Rudolf Elmer has had a hard time because of the tax office first and foremost, but the media after that. David Leloup – director of the documentary A Leak in Paradise about Elmer’s crusade – testifies: "It's very interesting – and I show this in the movie – just because of one CD, Swiss journalists will not write the same story as The Guardian. In Switzerland the story was 'data theft in the Julius Bär bank' [the bank where Elmer used to work. ed.], whereas in the Guardian it was more along the lines of: significant customers, politicians and military officials fraternising with drug dealers in Mexico own secret trusts in the Cayman Islands."

Moreover: "[Rudolf Elmer] has been criminalised from the beginning.
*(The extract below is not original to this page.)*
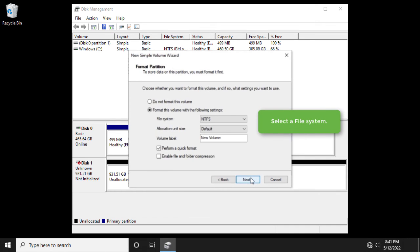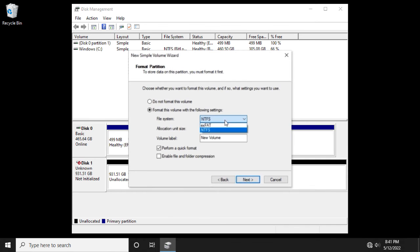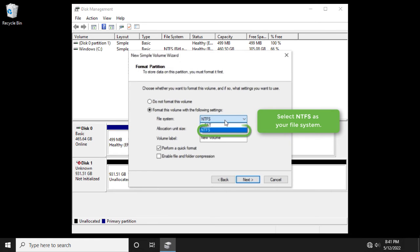Select a file system. Select NTFS as your file system.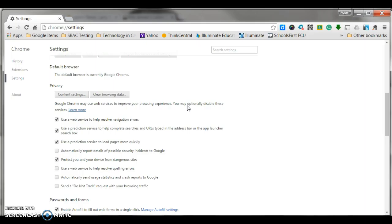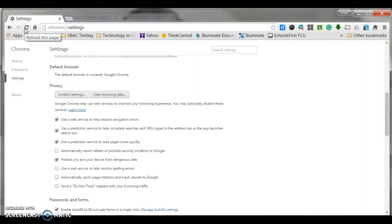If you are within the testing at this point, all you would have to do then is come up here and click the refresh button, and what it will do is refresh your page, and everything should be all set.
Journalists said the same thing about Rudolf as the bank did to defend itself – that he was mentally deranged, that he was not of sound mind – and journalists just reported that as gospel, without even using quotation marks. That raises major ethical issues on the part of the press!"

The importance of protecting whistleblowers

In spite of harassment, months in prison, an outrageous media lynching and his deteriorating physical and psychological state, Rudolf Elmer talks about this time in relative terms: "The way they all treated me is significant; it sends a message to society. I'm one of the people who came back home, who came back to Switzerland when I could have stayed abroad. But I'm provocative; I push them out of their comfort zone. By reacting, and mostly by reacting in this way, they allow me to convey my message!"

Could it be that the sacrifice a whistleblower makes is a prerequisite to raising awareness about such abuses and having them abolished? It seems that is true in Elmer's case, he claims there is a "need for rules which do not yet exist. Be that in Switzerland or Europe".

"There are always those people who know, but don't say anything fearing the consequences. They're right to be scared; the follow-up is often extremely violent," he continues.

In every recent corruption case – from Volkswagen, to FIFA or the Panama Papers – the "Insiders" could have informed on and denounced people if they were promised protection. But until then, the director says that "there is no existing specific directive regarding the protection of whistleblowers in the European Union". 

However, Transparency International – among others – has carefully worked on drafting precise guidelines. "To me it looks as if they are the most advanced," says Leloup. "At least, the European directive could be – I think – written in one afternoon, using these guidelines and a few readjustments. If you read carefully the Whistleblower Protection Act in the United Kingdom, it's the first real European law protecting whistleblowers, and its recognised by all associations interested in such matters."

Stay in the shadows

In the wake of his misadventures, Rudolf prescribes the following: "A kind of universal council of specialists that we could go to as whistleblowers, knowing that we could talk to them without it leaking. In my case, for some clients it was neither right nor fair to leak their data. We need someone, or several people, to analyse the data. We need experts who are truly honest. Of course, they should be elected, but I do not know by whom yet. Should it be directly by the people or by an indirect secret ballot?" 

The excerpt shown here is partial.